This invention relates generally to internal combustion engines and particularly to the apparatus utilized in supplying the fuel/air mixture to the cylinder combustion chambers of the engine.
BACKGROUND OF THE INVENTIONThe basic internal combustion engine has proven to be a reliable, flexible and highly effective source of power in a great number of applications and industries. Internal combustion engines have been applied to very small portable applications such as handheld and equipment as well as to large commercial or industrial environments such as manufacturing facilities, power and utility companies and to a virtually endless variety of vehicles. While the design and fabrication of internal combustion engines has varied substantially over time to meet different application requirements, the basic internal combustion engine is relatively simple and direct. Internal combustion engines generally include one or more cylinders within which a piston is moved in a reciprocating motion profile under the direct drive of a connecting rod and crankshaft. The crankshaft is rotationally supported by the engine block and provides eccentric couplings for the piston connecting rods. A system of valves controls the introduction of a fuel/air mixture into the combustion chambers of the cylinders and a source of ignition, such as a spark plug or the like, ignites the compressed fuel/air mixture and the fuel burns driving the piston through its power stroke. The power stroke of the piston causes rotation of the crankshaft and rotational power, or torque is produced.

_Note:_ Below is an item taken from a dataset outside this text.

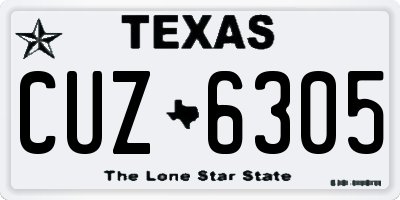 TX license plate CUZ6305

Generally speaking, internal combustion engines may be divided into two cycle and four cycle engines. Two cycle engines, also referred to as “two-stroke engines”, acquired their name based upon the operational characteristic by which the reciprocating piston is moved through two strokes, or movements, during each engine cycle. The first stroke occurs following fuel ignition in which the piston moves downwardly in a power/exhaust stroke. The second stroke occurs as the piston moves upwardly in a intake/compression stroke. Thus, a charge of compressed fuel/air mixture is ignited and burned and thereafter exhausted from the engine during each rotation of the crankshaft.
Conversely, four cycle engines, also referred to as “four-stroke engines”, acquired their name based upon piston movement through four piston strokes during each operational cycle. Accordingly, each piston in a four stroke internal combustion engine moves downwardly through an intake stroke, drawing fuel/air into the cylinder and upwardly through a compression stroke in which the fuel/air mixture is compressed. Once the fuel/air mixture is compressed, it ignition takes place and the piston moves downwardly through a power stroke. Finally, the piston moves upwardly through an exhaust stroke in which burned gases are exhausted from the cylinder. In a four stroke engine the crankshaft is rotated twice for each engine cycle.

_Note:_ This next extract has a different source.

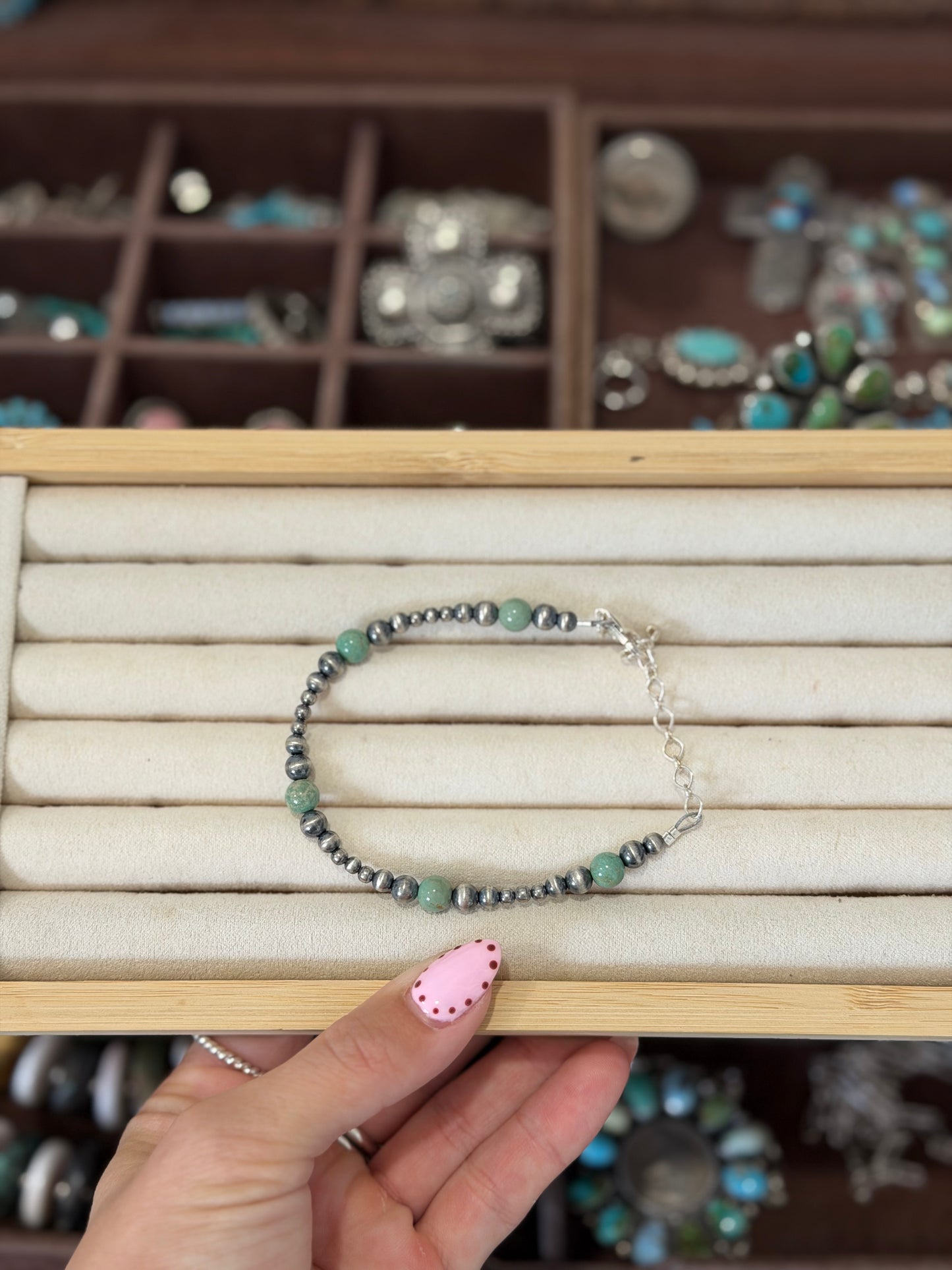 Green turquoise and Navajo pearl bracelet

For both two-stroke and four stroke internal combustion engines, practitioners in the art have endeavored to increase the power output and fuel efficiency of the engines. Efforts to provide such improvements have typically involved systems for increasing the amount of fuel/air mixture is injected or drawn into the combustion chambers of the engines. These efforts have included reason according to external apparatus such as blowers, superchargers and turbochargers which essentially comprise air pumps or compressors that force air or fuel/air mixture into the combustion chambers of the engines under great pressure. Blowers typically provide air pumps, or compressors, driving pressurized air into the engine carburetors. The power to operate the blowers is provided by a system of engine-driven belts, pulleys and/or gears driven by the engine crankshaft.
Superchargers, on the other hand, typically involve compressors or air pumps which compress a fuel/air mixture that is driven into the engine intake manifold. In similarity to blowers, superchargers also derive power from a system of engine-driven belts, pulleys and/or gears driven by the engine crankshaft.

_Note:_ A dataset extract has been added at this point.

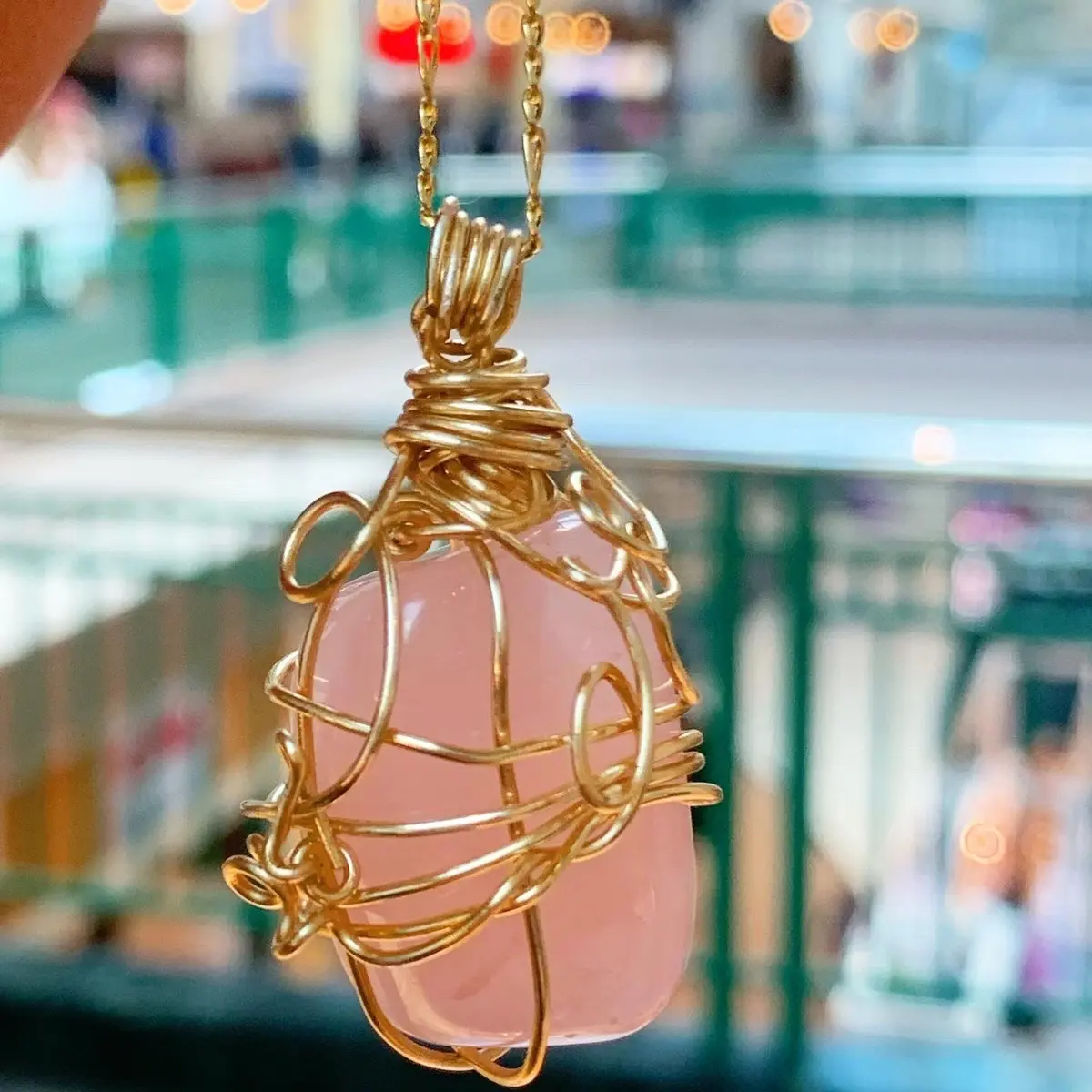 Handmade Wire Wrapped Rose Quartz Pendant in Non-Tarnish Gold Color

Turbochargers provide air pumps or compressors deriving their power from a turbine energized by the flow of exhaust gases from the engine. Thus, turbochargers are in essence exhaust-driven blowers.
Unfortunately, blowers, superchargers and turbochargers have proven to be prohibitively expensive and complex in their structure and operation. When used in vehicles, they often require extensive additional within the engine compartment of the vehicle. Additional problems arise in the operation of such vehicles which may complicate throttle and control systems of the host vehicle. Throttle response is often compromised by such devices. One of the more vexing problems encountered in such devices is known generally in the art as “throttle lag” characterized by a “pause or dead spot” in engine response to throttle action. Such devices also may be found to reduce the fuel efficiency of the engine.
In the face of the continuing need to provide evermore improved internal combustion engine performance practitioners in the art have applied a variety of technologies. For example, U.S. Pat. No. 5,220,899 issued to Ikebe et al, sets forth an INTERNAL COMBUSTION ENGINE WITH AIR ASSIST FUEL INJECTION CONTROL SYSTEM in which an internal combustion engine of the type having a fuel injection valve is provided with an assist air supply device for finely atomizing fuel includes a swirl control device for producing a swirl in the combustion chamber of the engine.
U.S. Pat. No. 7,252,076 issued to Cho sets forth an INTERNAL COMBUSTION ENGINE WITH AIR-FUEL MIXTURE INJECTION includes a structure for supplying assist air to an air-fuel mixture injection valve including a device for limiting the intake air taken by a compressor whereby a drive force of the compressor required for compressing air is reduced and fuel efficiency is achieved.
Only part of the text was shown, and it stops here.